■ **INFORMATION SHOWN**:
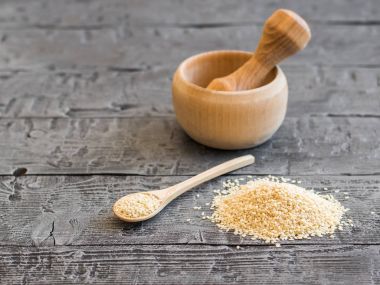 Susam ve harç havaneli koyu ahşap tablo ile.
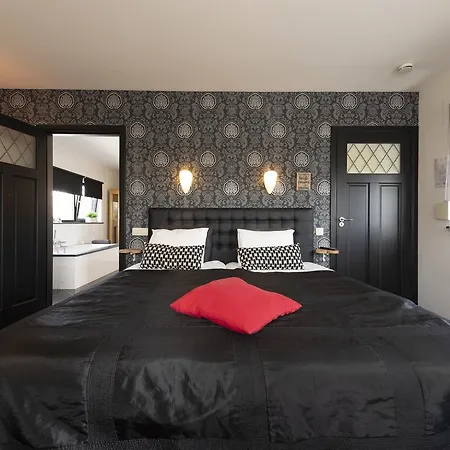 Montenakerhof Bed & Breakfast Riemst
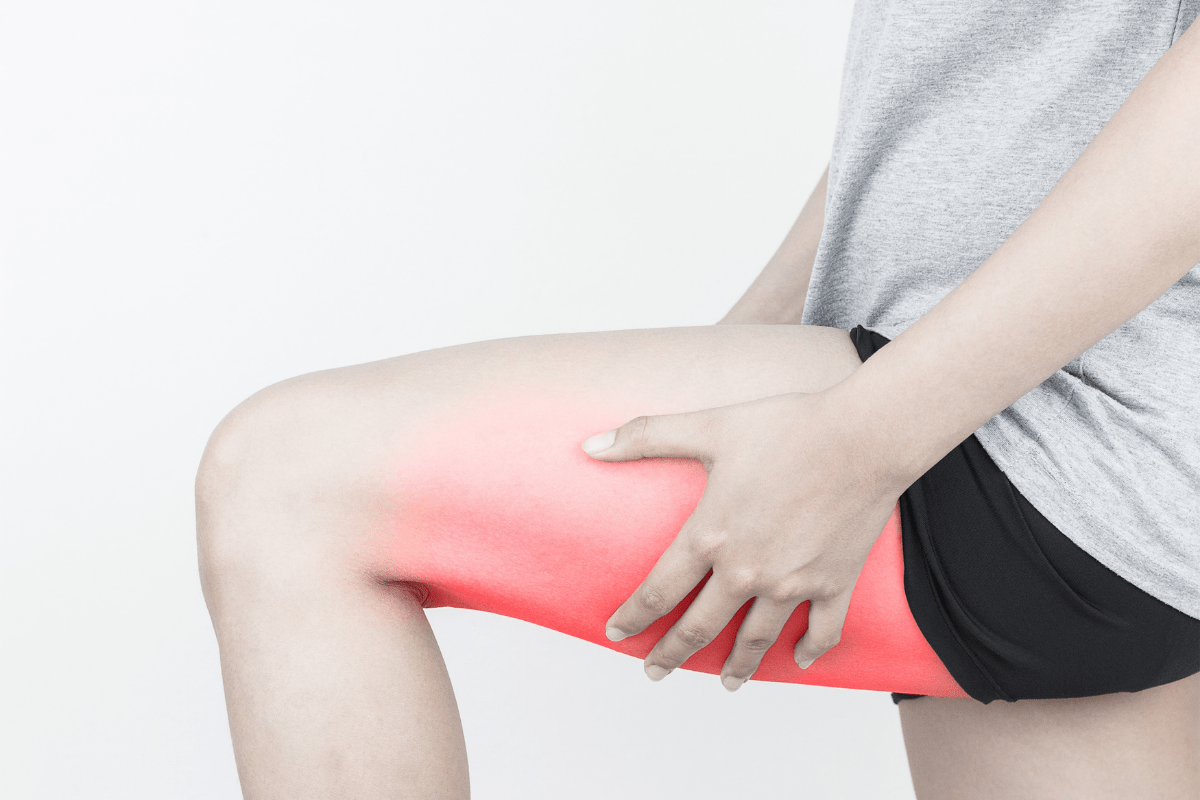 Hamstring Dumbbell Exercises Shape the back of the legs right at home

■ **TASK ITEM**:
Everything in the data except the pictures must appear in your answer unchanged.

■ **OUTPUT OF THE EXERCISE**:
 Susam ve harç havaneli koyu ahşap tablo ile.
 Montenakerhof Bed & Breakfast Riemst
 Hamstring Dumbbell Exercises Shape the back of the legs right at home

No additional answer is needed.